Aim of the exercise
Reproduce each line of the material precisely.

Data
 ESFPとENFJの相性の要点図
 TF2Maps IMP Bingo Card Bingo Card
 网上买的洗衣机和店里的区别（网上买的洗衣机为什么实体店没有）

Exercise result
 ESFPとENFJの相性の要点図
 TF2Maps IMP Bingo Card Bingo Card
 网上买的洗衣机和店里的区别（网上买的洗衣机为什么实体店没有）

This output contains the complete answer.